[Provided entries Boundary: Start]

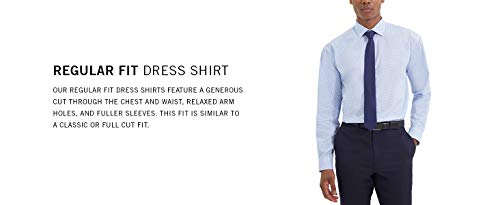 Camisa social masculina Kenneth Cole, corte regular, xadrez e listras, roxa, tamanho 17,5 x 34-35
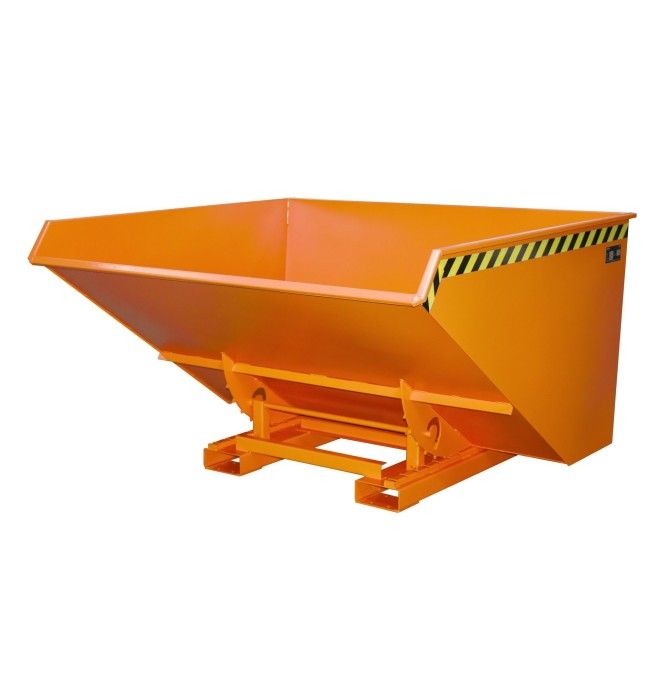 Tilting Container--Container tilting, painted, Orange yellow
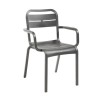 Cannes Dining Armchair with Stackable Resin Frame - 10 lbs.
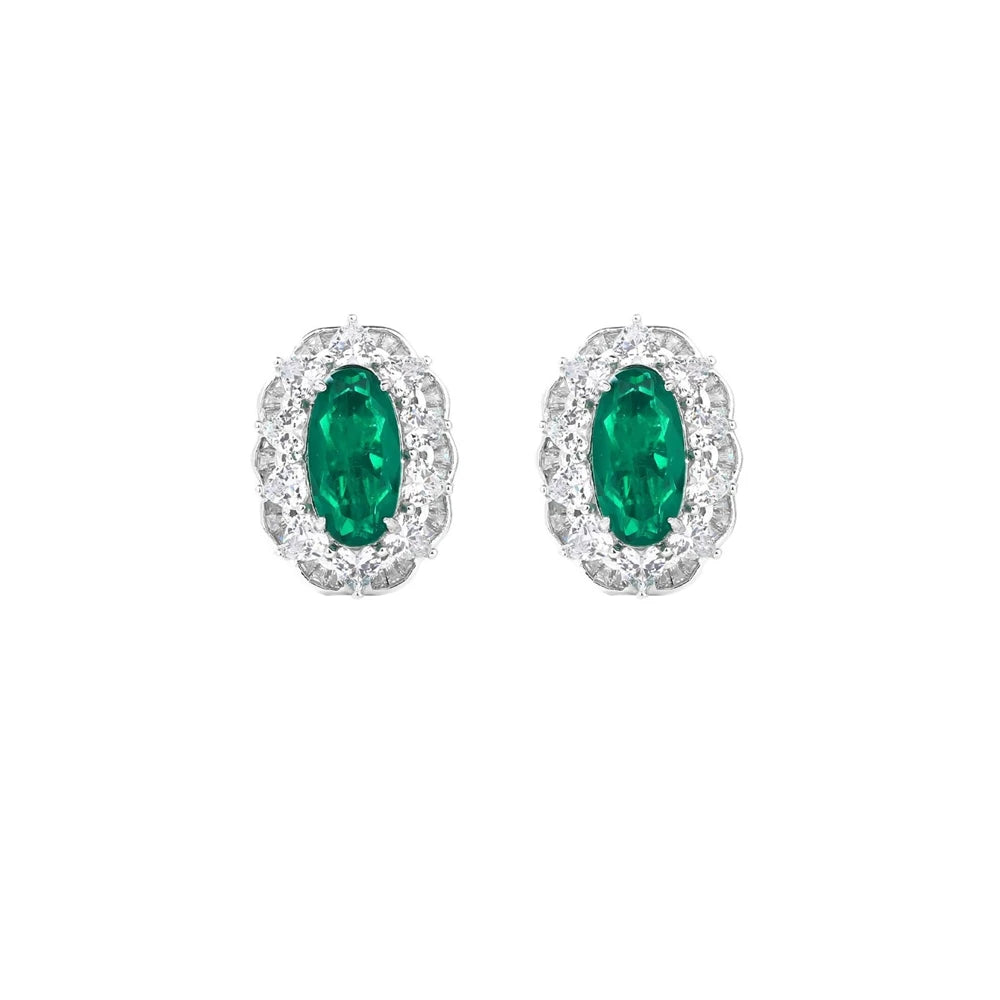 MUSHAN Jewelry Factory Grandmother Green Stud Earrings Light Luxury and High End Accessory Earrings High End Accessory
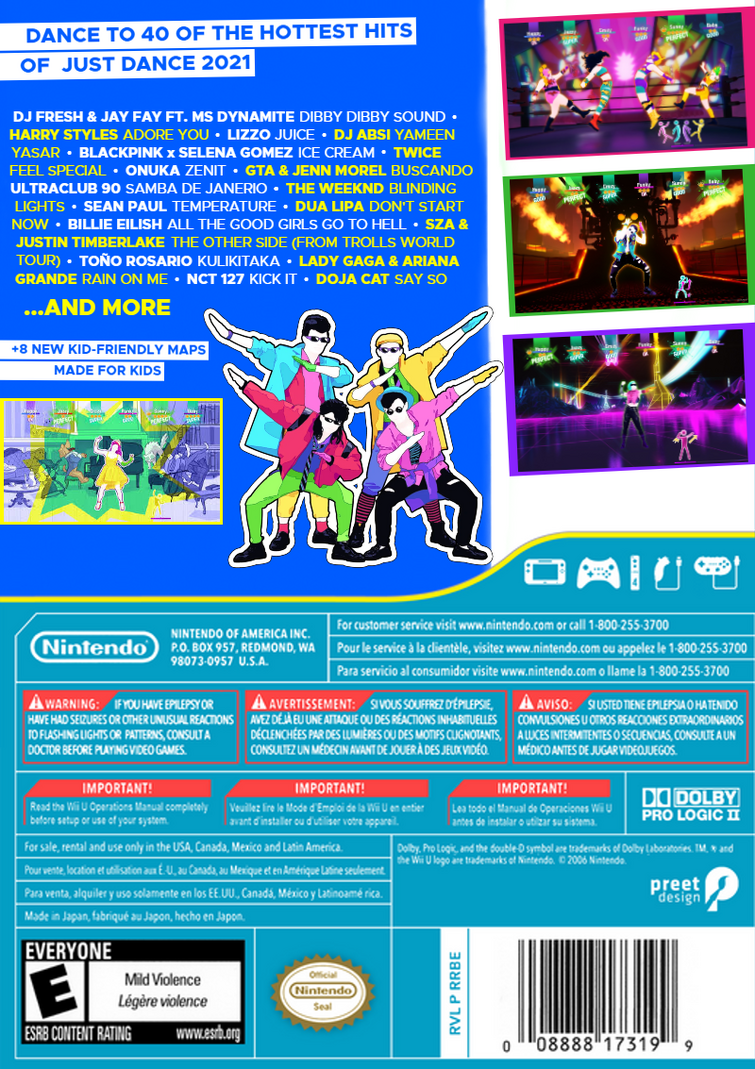 made a front and back cover of the wii u version of just dance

[Provided entries Boundary: End]

Please output the data above exactly as given, omitting every picture.

 Camisa social masculina Kenneth Cole, corte regular, xadrez e listras, roxa, tamanho 17,5 x 34-35
 Tilting Container--Container tilting, painted, Orange yellow
 Cannes Dining Armchair with Stackable Resin Frame - 10 lbs.
 MUSHAN Jewelry Factory Grandmother Green Stud Earrings Light Luxury and High End Accessory Earrings High End Accessory
 made a front and back cover of the wii u version of just dance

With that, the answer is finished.